1Differential taxa abundance at phylum, family, and genus levels was determined by fitZIG mixture modeling during early infancy (average of 6, 11, and 15 wk; n = 129) and at 2 y of age (n = 122). Taxa with a P value <0.05 or the lowest one were selected for this table. Plasma retinol concentration is the mean of the 6- and 15-wk values. Early-infancy microbiota data were adjusted for type of delivery and breastfeeding status. Microbiota data at 2 y were additionally adjusted for age group at 2 y (older and younger). False discovery rate–adjusted P value (adjusted P) was calculated by the Benjamin-Hochberg method.

TABLE 8.

Differentially abundant taxa for every unit increase of plasma retinol during early infancy and at 2 y of age in female subjects1

Log2 fold difference (SE) P Adjusted P
Plasma retinol at early infancy
 Microbiota in early infancy
  Phylum
   Proteobacteria −3.75 (2.09) 0.07 0.40
  Family
   Prevotellaceae −7.51 (3.07) 0.015 0.37
   Coriobacteriaceae −9.33 (4.17) 0.026 0.37
   Lactobacillaceae −7.24 (3.65) 0.048 0.46
  Genus
   Prevotella −8.2 (2.99) 0.0065 0.29
   Lactobacillus −7.81 (3.7) 0.035 0.59
   Collinsella −9.26 (4.53) 0.041 0.59
 Microbiota at 2 y
  Phylum
   Verrucomicrobia −1.69 (2.61) 0.52 0.86
  Family
   Comamonadaceae 2.95 (0.898) 0.0030 0.089
   Alcaligenaceae 4.20 (2.09) 0.046 0.72
  Genus
   Acidaminococcus 2.45 (0.588) <0.001 0.023
   Comamonas 2.92 (0.896) 0.0027 0.079
   Mitsuokella −5.89 (2.04) 0.0051 0.101
   Eggerthella 4.55 (1.64) 0.0069 0.101
   Sutterella 4.68 (2.05) 0.024 0.28
   Oscillospira 3.63 (1.80) 0.046 0.45
Plasma retinol at 2 y
 Microbiota at 2 y
  Phylum
   Verrucomicrobia 4.26 (1.10) <0.001 0.0011
   Actinobacteria 1.85 (0.875) 0.036 0.11
  Family
   Verrucomicrobiaceae 4.22 (1.08) <0.001 0.0061
   Turicibacteraceae 3.06 (1.09) 0.0058 0.091
   Carnobacteriaceae −1.74 (0.64) 0.0097 0.101
   Bifidobacteriaceae 1.94 (0.92) 0.037 0.29
  Genus
   Akkermansia 4.29 (1.10) <0.001 0.011
   Turicibacter 3.325 (1.06) 0.0023 0.067
   Eggerthella 2.14 (0.75) 0.0054 0.11
   Granulicatella −1.74 (0.645) 0.0096 0.14
   Slackia −1.65 (0.73) 0.027 0.32
   Actinobacillus −1.55 (0.748) 0.043 0.42

1Differential taxa abundance at phylum, family, and genus levels was determined by fitZIG mixture modeling during early infancy (average of 6, 11, and 15 wk; n = 133) and at 2 y of age (n = 127).

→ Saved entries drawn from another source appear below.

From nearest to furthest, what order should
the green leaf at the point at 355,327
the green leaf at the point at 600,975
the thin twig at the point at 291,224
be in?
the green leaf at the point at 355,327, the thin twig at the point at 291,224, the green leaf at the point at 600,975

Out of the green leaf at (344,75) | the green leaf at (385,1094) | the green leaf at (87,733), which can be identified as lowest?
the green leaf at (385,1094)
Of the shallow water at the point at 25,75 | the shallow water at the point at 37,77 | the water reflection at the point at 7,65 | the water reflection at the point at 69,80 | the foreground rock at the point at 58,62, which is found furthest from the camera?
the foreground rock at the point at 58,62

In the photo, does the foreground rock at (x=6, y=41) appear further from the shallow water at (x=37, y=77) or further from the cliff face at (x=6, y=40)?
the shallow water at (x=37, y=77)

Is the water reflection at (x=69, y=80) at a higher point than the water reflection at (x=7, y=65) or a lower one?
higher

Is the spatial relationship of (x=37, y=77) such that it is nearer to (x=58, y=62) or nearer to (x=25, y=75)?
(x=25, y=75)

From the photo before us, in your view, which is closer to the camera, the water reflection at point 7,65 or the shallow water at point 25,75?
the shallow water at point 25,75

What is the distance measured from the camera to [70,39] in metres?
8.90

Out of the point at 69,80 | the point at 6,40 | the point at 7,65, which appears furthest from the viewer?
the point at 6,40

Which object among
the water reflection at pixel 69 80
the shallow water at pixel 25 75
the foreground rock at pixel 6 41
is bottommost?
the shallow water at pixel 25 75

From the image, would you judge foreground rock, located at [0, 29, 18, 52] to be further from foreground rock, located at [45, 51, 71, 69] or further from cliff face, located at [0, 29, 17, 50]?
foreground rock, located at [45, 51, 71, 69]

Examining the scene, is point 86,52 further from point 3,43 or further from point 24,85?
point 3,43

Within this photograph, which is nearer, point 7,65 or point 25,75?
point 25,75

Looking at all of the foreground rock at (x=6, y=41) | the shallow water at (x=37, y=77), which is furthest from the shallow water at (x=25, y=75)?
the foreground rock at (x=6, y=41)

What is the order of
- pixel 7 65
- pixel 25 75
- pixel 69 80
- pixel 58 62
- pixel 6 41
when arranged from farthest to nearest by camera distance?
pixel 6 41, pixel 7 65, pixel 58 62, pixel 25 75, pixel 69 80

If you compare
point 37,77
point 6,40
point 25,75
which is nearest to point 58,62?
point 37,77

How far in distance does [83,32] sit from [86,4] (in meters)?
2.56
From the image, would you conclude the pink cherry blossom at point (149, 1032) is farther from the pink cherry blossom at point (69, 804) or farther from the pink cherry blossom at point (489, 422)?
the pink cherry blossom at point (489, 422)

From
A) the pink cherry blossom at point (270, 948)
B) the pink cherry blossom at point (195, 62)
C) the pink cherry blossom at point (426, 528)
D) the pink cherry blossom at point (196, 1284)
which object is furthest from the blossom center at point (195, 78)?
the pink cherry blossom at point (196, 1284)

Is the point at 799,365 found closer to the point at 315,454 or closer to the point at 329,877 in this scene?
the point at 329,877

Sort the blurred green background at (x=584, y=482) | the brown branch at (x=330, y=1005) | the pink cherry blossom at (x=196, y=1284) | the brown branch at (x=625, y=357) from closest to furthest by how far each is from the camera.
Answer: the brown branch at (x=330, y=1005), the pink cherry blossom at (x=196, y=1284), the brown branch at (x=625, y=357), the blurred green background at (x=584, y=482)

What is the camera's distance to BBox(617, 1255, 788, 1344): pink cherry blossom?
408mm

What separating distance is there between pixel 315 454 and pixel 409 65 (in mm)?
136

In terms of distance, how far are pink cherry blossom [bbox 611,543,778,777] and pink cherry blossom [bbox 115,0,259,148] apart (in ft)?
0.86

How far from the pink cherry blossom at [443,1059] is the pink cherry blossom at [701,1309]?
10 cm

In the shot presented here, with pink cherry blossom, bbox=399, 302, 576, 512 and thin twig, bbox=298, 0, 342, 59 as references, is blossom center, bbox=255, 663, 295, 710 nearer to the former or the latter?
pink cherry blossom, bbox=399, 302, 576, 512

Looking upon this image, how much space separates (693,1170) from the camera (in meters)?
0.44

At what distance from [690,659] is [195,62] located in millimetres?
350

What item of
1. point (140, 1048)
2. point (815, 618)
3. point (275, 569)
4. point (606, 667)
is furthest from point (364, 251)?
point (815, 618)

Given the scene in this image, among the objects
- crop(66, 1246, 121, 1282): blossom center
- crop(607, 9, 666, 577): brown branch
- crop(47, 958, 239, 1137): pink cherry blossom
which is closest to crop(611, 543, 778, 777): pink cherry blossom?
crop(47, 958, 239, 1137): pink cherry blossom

Taxa with a P value <0.05 or the lowest one were selected for this table. Plasma retinol concentration is the mean of the 6- and 15-wk values. Early-infancy microbiota data were adjusted for type of delivery and breastfeeding status. Microbiota data 2 y were additionally adjusted for age group at 2 y (older and younger). False discovery rate–adjusted P value (adjusted P) was calculated by the Benjamin-Hochberg method.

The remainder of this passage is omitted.